Al contrario que la peste negra del XIV, capaz de acabar con muchos de aquellos medio clérigos errantes, la gran depresión de principios del XXI hizo que este goliardo que se suele decir madrileño tuviera que apretar calzas y hábito raído para ocupar los micrófonos serranos de Navafría o San Rafael, donde trató de asentar su prole en unos tiempos no tan lejanos. Hace apenas unos años, no más de tres, empezó este entrañable saltimbanqui a frecuentar las calles de Segovia, micrófono rojo en mano y siempre abierto a comprender aquello que por primera vez le rodeaba. No sería hasta principios de 2022 que acabará este humilde Cronista pegado al devenir de semejante goliardo, incluyendo en su rutina los caminos serranos, las trincheras y los castillos, palacios, jardines y montes; parajes, en definitiva, constitutivos de un Paraíso segoviano al que muy pocos se demuestran resistentes.
Este goliardo, como hace casi setenta años hiciera mi abuelo, Paco Valero, y con él, sus hijas, una vez que un rayo inoportuno cayera sobre la colegiata del palacio real incendiándolo, ha terminado por asentarse en esta sociedad con la que tanto parece congeniar. Segoviano en el espíritu y el acto, Alberto Guerrero sigue siendo un tránsito entre Madrid y la capital castellana, recordando cada día que pasa su origen madrileño y su necesidad segoviana. Metido entre autobuses y traslados, viajes y entrevistas, personas, personajes, vinos y malcomida de traslado al hospital, no deja de agarrarse a un pasado que siempre le enseñó por lo bajito lo que habría de ser. Y es que, para cualquiera que nace goliardo, queridos lectores, poco parece lo que acontece en esta vida de desencanto, pero mucho es lo que asoma cada mañana alumbrado por un sol que nunca se equivoca.

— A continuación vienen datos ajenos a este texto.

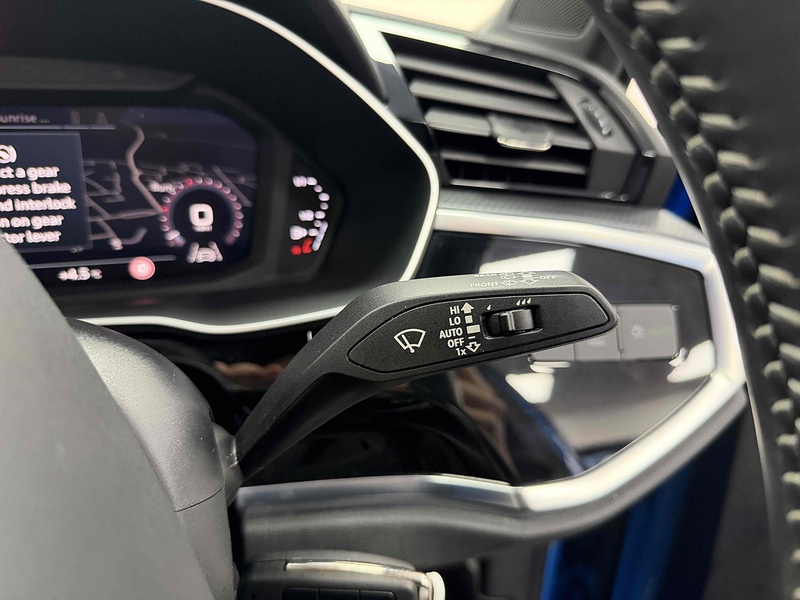 Audi Q3 TFSI CoD S line - U2176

Vivas en Madrid, Alberto, goliardo eterno, o en Segovia, en San Rafael, Cantabria o Navafría, el polvo del camino y la sequedad del vino de Valtiendas te acabó atrapando entre los pinares del Guadarrama, los viejos y ajados castillos olvidados, las llanuras secas de cereal preñadas y una horda de paisanos, vecinas, encandiladas por la frescura de una sonrisa y la textura de una voz profunda como las raíces castellanas que nos habrán de unir en ese horizonte atemporal deseado.